L'un d'entre eux, soupçonné d'avoir porté un coup de pied à la proviseure de l'établissement, a été placé en détention provisoire. Les six autres ont été placés sous contrôle judiciaire.

Ces incidents avaient vu plus de 80 jeunes personnes dont une dizaine particulièrement virulente selon la police prendre part à des violences notamment à l'encontre de la proviseure de ce lycée. Pendant la rixe, quatre cocktails Molotov avaient été lancés sur l'établissement scolaire et trois autres bouteilles contenant du liquide inflammable ont été retrouvé par la police.

En tentant d'apaiser la situation au niveau de la grille d'entrée du lycée Hélène Boucher la proviseure avait alors été légèrement blessée au visage. Elle avait ensuite été hospitalisée à l'hôpital Robert-Ballanger à Aulnay-sous-Bois. Parmi les huit interpellés un seul est soupçonné de lui avoir porté un coup de pied à la tête.

Mais ce n'est pas le première fois que ce lycée est victime de rixes et de dégradations. Le 6 octobre, deux véhicules avaient été incendiés criminellement devant l'enceinte de l'établissement scolaire. Ensuite, c'est le 10 octobre que plusieurs dizaines de jeunes munis de barres de fer s'étaient affrontés juste devant la grille de ce lycée professionnel.

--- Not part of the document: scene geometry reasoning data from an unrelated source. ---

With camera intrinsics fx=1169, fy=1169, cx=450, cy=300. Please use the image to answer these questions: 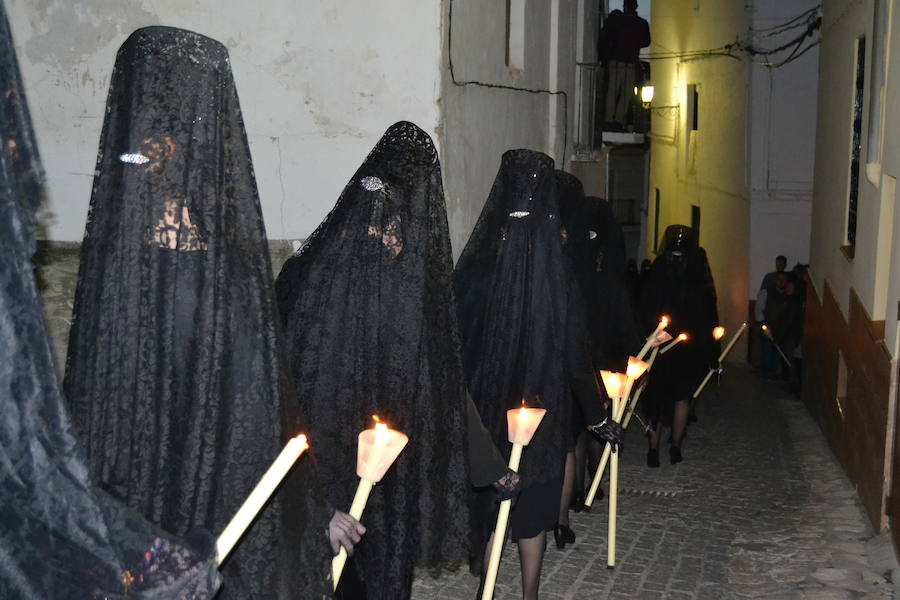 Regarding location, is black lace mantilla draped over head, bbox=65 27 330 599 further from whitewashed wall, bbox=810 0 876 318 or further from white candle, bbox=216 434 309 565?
whitewashed wall, bbox=810 0 876 318

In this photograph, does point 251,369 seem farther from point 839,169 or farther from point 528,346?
point 839,169

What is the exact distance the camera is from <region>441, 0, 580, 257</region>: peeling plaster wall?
870cm

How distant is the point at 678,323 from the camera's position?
10734mm

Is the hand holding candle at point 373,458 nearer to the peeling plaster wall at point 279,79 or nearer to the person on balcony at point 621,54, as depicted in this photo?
the peeling plaster wall at point 279,79

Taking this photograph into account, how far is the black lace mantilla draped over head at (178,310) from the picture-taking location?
317 centimetres

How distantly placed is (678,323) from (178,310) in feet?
26.4

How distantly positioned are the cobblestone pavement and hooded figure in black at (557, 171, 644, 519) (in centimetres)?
67

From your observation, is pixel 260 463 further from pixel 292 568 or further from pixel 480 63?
pixel 480 63

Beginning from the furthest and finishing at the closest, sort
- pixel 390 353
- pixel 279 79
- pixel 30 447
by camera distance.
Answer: pixel 279 79, pixel 390 353, pixel 30 447

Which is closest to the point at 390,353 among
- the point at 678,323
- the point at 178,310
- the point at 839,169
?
the point at 178,310

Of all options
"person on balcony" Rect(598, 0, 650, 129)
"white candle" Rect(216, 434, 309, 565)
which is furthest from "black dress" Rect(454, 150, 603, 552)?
"person on balcony" Rect(598, 0, 650, 129)

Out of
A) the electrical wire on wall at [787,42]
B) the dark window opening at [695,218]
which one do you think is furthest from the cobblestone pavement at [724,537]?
the dark window opening at [695,218]

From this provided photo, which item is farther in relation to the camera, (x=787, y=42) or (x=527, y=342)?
(x=787, y=42)

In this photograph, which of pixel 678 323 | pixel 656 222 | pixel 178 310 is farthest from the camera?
pixel 656 222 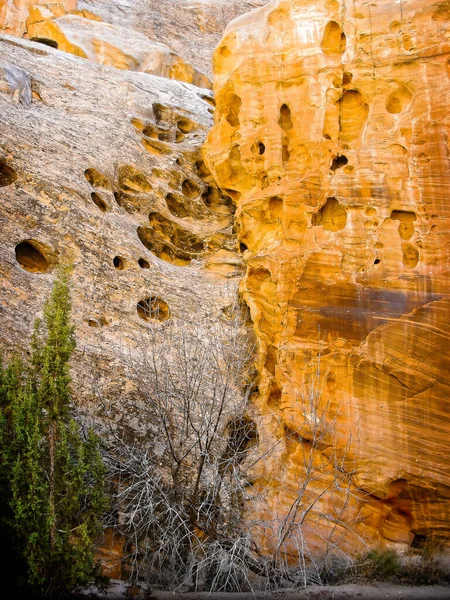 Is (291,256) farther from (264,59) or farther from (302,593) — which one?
(302,593)

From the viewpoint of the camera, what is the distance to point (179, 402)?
1153 centimetres

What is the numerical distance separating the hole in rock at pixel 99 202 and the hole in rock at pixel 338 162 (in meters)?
4.63

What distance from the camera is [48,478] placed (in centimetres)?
820

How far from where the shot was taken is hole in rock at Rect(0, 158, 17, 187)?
1292 cm

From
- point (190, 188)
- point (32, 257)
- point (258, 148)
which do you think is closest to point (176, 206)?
point (190, 188)

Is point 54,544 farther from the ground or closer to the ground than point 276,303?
closer to the ground

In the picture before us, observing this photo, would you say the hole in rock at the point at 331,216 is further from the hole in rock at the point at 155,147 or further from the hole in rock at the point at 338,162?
the hole in rock at the point at 155,147

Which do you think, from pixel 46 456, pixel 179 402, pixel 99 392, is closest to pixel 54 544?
pixel 46 456

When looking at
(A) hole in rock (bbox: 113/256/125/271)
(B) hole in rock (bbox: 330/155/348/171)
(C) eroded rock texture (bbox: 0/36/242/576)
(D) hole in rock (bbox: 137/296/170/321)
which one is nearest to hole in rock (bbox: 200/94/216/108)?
(C) eroded rock texture (bbox: 0/36/242/576)

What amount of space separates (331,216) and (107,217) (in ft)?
14.5

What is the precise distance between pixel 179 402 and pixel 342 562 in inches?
141

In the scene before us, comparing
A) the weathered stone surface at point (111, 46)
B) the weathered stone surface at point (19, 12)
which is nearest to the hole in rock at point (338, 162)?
the weathered stone surface at point (111, 46)

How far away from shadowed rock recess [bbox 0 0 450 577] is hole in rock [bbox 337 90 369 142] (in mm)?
38

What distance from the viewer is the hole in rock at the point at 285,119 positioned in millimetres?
13438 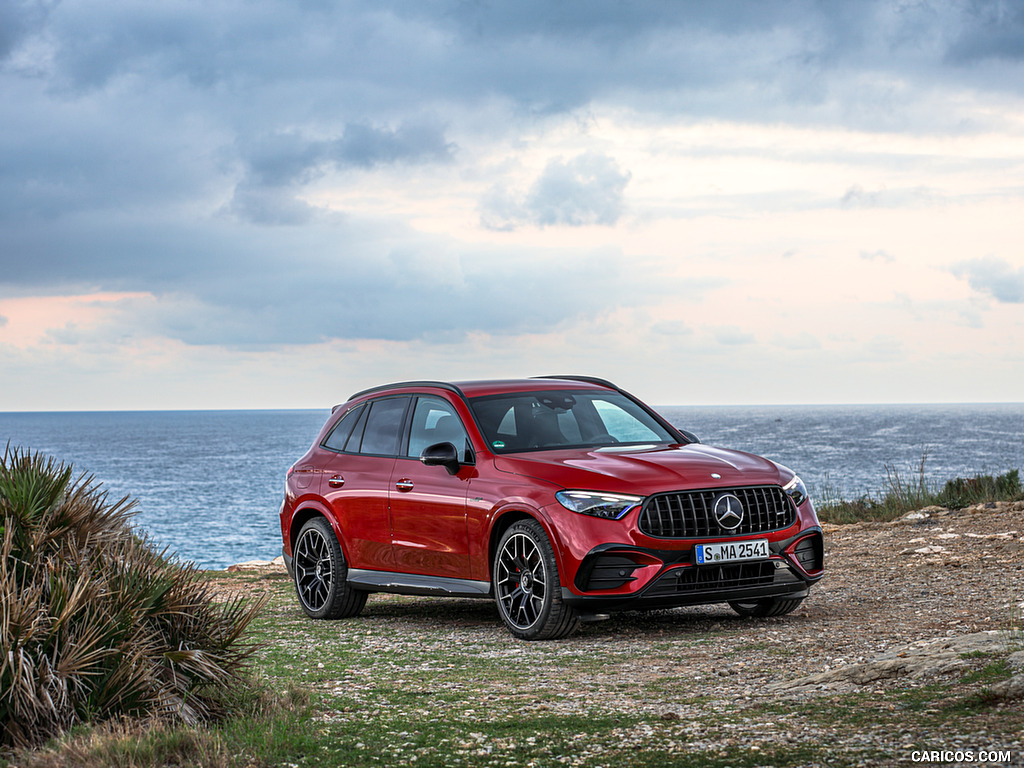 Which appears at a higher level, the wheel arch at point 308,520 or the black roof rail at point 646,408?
the black roof rail at point 646,408

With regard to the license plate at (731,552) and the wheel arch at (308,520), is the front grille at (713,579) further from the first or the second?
the wheel arch at (308,520)

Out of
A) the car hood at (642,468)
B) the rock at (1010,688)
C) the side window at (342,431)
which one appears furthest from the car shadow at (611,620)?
the rock at (1010,688)

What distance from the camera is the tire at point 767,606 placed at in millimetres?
9344

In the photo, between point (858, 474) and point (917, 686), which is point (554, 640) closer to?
point (917, 686)

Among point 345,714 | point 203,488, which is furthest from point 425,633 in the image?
point 203,488

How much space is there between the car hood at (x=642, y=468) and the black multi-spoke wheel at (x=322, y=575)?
238 cm

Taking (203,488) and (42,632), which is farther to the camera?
(203,488)

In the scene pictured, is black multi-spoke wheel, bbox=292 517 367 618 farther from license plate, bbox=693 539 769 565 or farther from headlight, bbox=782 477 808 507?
headlight, bbox=782 477 808 507

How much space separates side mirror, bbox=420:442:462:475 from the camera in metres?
9.30

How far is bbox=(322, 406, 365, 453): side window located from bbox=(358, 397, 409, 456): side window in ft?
0.59

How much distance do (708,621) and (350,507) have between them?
3.39 meters

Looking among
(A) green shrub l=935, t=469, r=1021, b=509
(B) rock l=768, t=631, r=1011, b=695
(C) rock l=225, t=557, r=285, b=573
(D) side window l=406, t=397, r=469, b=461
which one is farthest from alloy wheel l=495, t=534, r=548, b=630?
(A) green shrub l=935, t=469, r=1021, b=509

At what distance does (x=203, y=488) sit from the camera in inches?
2835

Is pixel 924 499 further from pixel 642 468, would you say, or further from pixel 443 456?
pixel 443 456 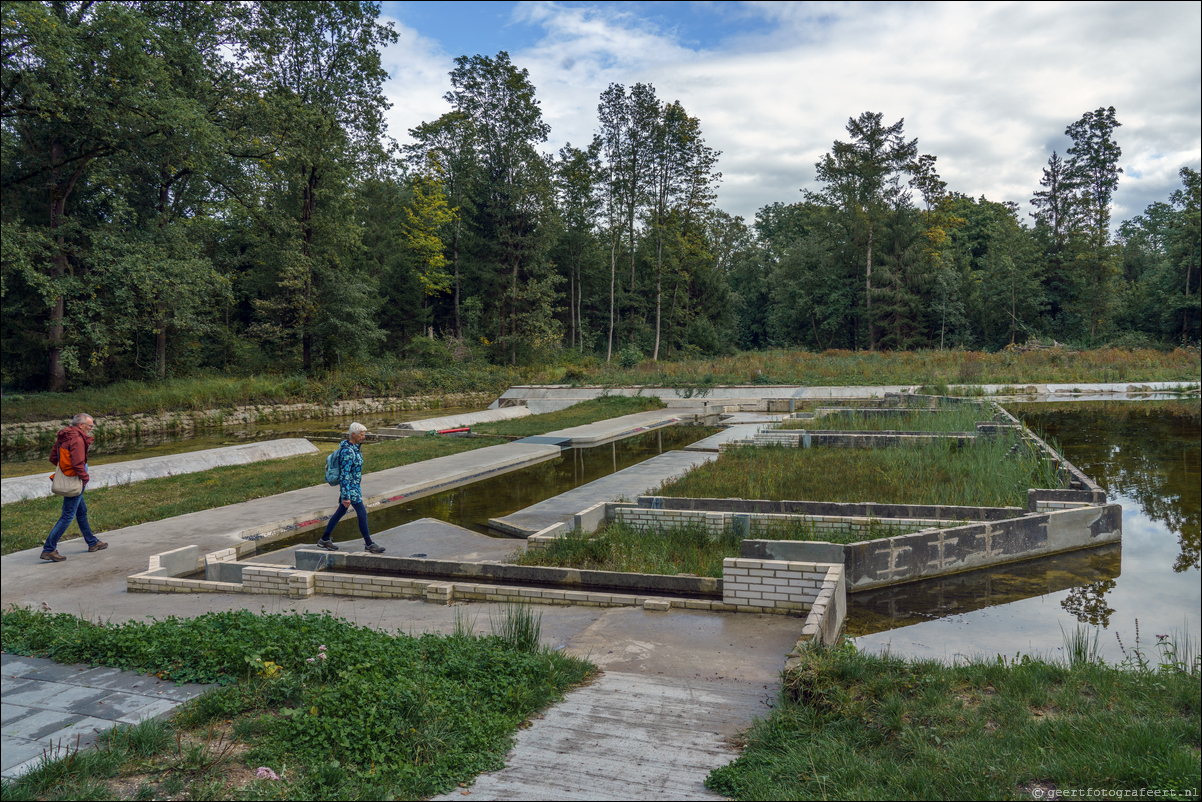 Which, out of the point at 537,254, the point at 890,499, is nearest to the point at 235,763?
the point at 890,499

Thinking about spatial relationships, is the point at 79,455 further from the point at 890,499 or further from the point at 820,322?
the point at 820,322

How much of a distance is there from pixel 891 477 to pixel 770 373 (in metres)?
18.8

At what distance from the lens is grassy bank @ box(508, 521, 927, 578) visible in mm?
6363

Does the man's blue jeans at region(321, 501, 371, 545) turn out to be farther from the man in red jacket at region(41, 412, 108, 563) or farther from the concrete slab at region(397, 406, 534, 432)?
the concrete slab at region(397, 406, 534, 432)

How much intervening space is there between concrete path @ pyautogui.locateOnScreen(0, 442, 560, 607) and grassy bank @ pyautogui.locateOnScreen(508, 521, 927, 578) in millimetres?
3526

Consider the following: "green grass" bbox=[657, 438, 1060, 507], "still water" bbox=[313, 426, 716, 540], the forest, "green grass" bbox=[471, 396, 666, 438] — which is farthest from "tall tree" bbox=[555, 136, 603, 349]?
"green grass" bbox=[657, 438, 1060, 507]

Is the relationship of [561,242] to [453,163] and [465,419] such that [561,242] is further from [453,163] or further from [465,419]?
[465,419]

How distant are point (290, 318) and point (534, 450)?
1732 cm

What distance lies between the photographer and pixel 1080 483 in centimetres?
855

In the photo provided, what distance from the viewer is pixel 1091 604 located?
19.4 feet

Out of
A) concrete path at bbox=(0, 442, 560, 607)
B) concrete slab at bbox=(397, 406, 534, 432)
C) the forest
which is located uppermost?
the forest

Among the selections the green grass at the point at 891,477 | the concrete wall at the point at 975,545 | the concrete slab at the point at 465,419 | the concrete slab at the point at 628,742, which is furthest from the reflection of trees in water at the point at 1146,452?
the concrete slab at the point at 465,419

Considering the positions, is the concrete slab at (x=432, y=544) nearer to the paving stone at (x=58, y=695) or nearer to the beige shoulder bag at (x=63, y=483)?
the paving stone at (x=58, y=695)

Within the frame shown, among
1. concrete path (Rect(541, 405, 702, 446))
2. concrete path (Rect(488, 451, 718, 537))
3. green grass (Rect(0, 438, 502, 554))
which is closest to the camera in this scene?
green grass (Rect(0, 438, 502, 554)) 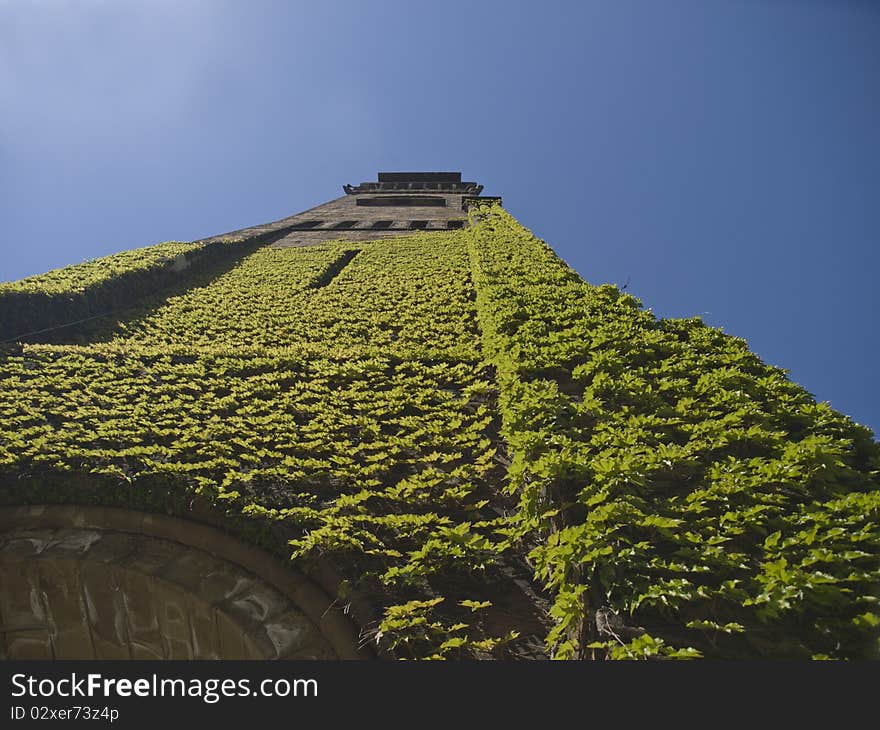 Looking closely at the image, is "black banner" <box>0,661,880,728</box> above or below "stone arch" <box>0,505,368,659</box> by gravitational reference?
below

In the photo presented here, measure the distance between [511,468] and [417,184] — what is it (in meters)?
22.5

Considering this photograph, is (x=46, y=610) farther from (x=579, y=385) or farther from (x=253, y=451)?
(x=579, y=385)

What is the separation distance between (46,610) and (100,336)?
4.40 meters

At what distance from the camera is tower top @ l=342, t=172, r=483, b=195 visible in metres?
22.4

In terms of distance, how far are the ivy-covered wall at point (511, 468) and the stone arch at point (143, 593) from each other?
0.18 m

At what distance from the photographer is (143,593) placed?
10.4 feet

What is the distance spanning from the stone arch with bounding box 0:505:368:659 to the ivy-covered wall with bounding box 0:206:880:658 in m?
0.18

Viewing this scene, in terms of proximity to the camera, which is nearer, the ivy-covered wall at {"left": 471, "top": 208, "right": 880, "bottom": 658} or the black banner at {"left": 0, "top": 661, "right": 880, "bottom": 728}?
the black banner at {"left": 0, "top": 661, "right": 880, "bottom": 728}

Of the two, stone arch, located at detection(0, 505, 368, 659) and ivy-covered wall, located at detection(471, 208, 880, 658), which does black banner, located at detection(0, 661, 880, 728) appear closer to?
ivy-covered wall, located at detection(471, 208, 880, 658)

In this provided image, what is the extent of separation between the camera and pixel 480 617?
253 centimetres

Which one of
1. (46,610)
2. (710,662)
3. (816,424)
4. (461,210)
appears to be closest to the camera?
(710,662)

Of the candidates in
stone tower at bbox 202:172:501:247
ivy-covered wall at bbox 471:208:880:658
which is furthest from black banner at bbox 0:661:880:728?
stone tower at bbox 202:172:501:247

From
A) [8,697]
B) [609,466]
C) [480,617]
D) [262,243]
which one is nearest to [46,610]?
[8,697]

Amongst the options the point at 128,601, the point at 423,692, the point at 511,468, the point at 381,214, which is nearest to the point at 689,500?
the point at 511,468
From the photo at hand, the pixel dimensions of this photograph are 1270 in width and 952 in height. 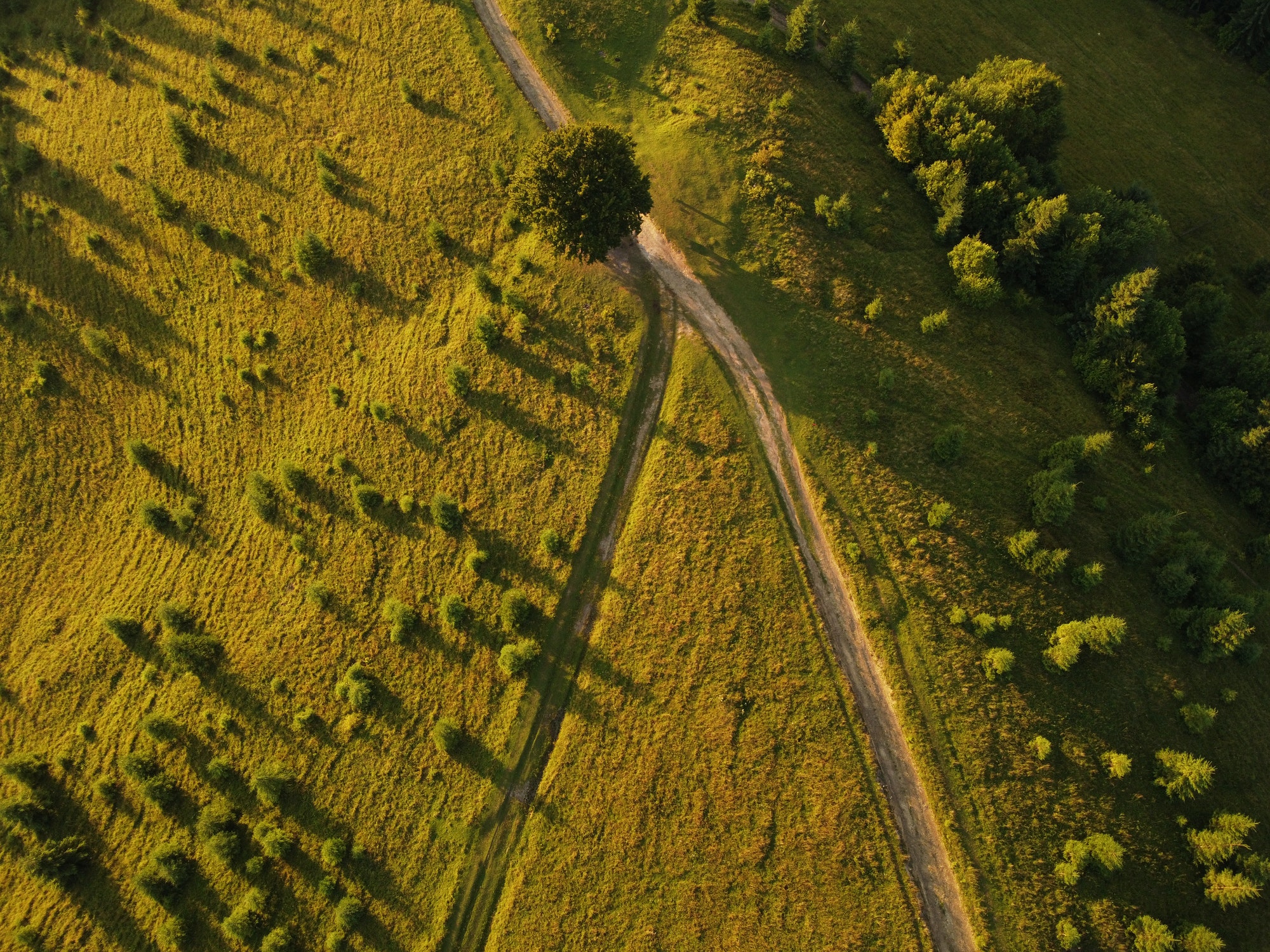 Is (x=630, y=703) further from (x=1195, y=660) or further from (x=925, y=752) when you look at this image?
(x=1195, y=660)

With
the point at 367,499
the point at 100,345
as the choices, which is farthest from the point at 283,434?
the point at 100,345

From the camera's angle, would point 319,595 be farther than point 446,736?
Yes

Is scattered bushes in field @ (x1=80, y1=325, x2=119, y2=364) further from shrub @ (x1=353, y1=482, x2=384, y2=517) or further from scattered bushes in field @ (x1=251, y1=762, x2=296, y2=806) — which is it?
scattered bushes in field @ (x1=251, y1=762, x2=296, y2=806)

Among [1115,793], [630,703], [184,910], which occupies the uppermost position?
[1115,793]

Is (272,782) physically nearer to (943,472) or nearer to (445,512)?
(445,512)

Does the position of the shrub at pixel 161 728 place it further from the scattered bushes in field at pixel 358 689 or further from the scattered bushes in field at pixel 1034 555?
the scattered bushes in field at pixel 1034 555

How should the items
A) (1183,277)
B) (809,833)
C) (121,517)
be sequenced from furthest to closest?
(1183,277) < (121,517) < (809,833)

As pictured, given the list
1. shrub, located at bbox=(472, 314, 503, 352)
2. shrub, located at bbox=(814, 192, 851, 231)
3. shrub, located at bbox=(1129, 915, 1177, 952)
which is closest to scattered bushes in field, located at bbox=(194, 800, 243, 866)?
shrub, located at bbox=(472, 314, 503, 352)

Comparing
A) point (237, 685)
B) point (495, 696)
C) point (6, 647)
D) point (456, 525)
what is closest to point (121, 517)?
point (6, 647)
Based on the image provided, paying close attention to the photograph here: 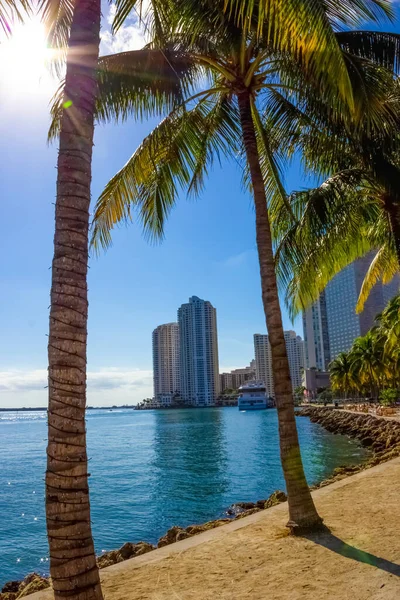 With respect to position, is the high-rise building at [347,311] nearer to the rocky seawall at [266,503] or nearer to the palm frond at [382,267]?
the rocky seawall at [266,503]

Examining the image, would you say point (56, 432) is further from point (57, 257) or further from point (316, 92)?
point (316, 92)

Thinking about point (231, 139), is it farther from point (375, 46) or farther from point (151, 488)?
point (151, 488)

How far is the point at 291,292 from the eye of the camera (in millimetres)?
11234

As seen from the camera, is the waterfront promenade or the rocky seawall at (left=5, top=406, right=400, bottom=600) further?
the rocky seawall at (left=5, top=406, right=400, bottom=600)

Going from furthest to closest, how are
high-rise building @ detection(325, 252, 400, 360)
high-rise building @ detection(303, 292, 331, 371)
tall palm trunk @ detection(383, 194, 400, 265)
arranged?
high-rise building @ detection(303, 292, 331, 371), high-rise building @ detection(325, 252, 400, 360), tall palm trunk @ detection(383, 194, 400, 265)

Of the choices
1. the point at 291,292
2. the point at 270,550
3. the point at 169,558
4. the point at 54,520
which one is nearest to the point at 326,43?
the point at 54,520

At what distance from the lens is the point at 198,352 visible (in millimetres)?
175375

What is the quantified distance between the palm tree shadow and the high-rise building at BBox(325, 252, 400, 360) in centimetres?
8730

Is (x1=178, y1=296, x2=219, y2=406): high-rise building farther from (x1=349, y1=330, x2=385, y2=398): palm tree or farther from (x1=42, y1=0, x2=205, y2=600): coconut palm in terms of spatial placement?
(x1=42, y1=0, x2=205, y2=600): coconut palm

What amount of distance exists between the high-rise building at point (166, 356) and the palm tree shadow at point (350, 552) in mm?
175334

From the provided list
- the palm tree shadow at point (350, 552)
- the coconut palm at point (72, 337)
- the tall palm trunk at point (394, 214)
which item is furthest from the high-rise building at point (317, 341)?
the coconut palm at point (72, 337)

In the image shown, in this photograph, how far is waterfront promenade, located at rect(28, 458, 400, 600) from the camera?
191 inches

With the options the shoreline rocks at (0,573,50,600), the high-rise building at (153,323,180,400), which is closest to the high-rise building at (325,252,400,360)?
the high-rise building at (153,323,180,400)

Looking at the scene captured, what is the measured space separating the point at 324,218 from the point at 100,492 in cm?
1791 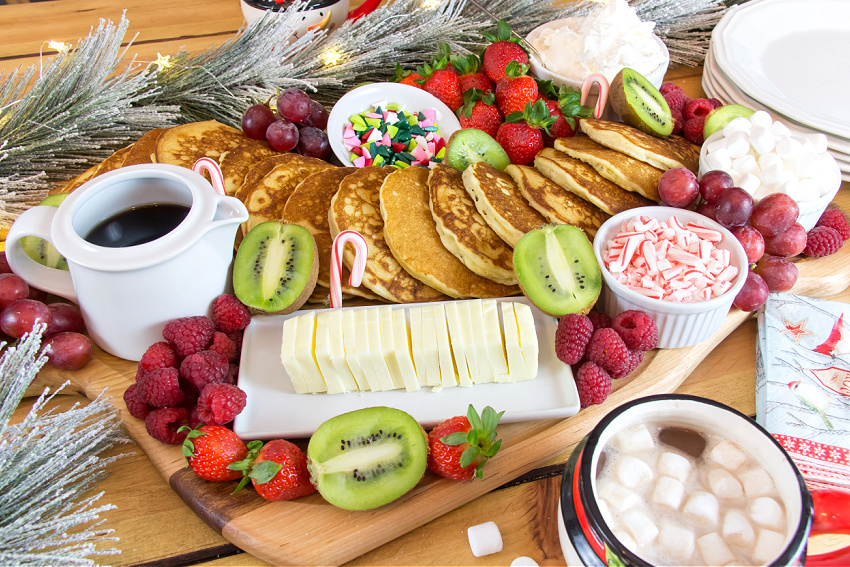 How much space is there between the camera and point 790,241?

Stéphanie Valmaggia-Desmaison, la secrétaire nationale au syndicat des enseignants de l'UNSA avait déclaré à la suite de ces agressions: "l'administration, notre employeur, doit montrer de manière ferme qu'elle ne peut pas tolérer de tels agissements".

Quant à lui le Premier ministre français, Manuel Valls, avait déclaré quelques heures après le drame qui s'était joué à Tremblay-en-France que l'État allait poursuivre: "sans relâche ceux qui s'en prennent à nos professeurs, nos écoles, nos forces de l'ordre".

Le 17 octobre ce sont plus de 80 jeunes qui ont affronté les forces de l'ordre devant le lycée Hélène Boucher de Tremblay-en-France.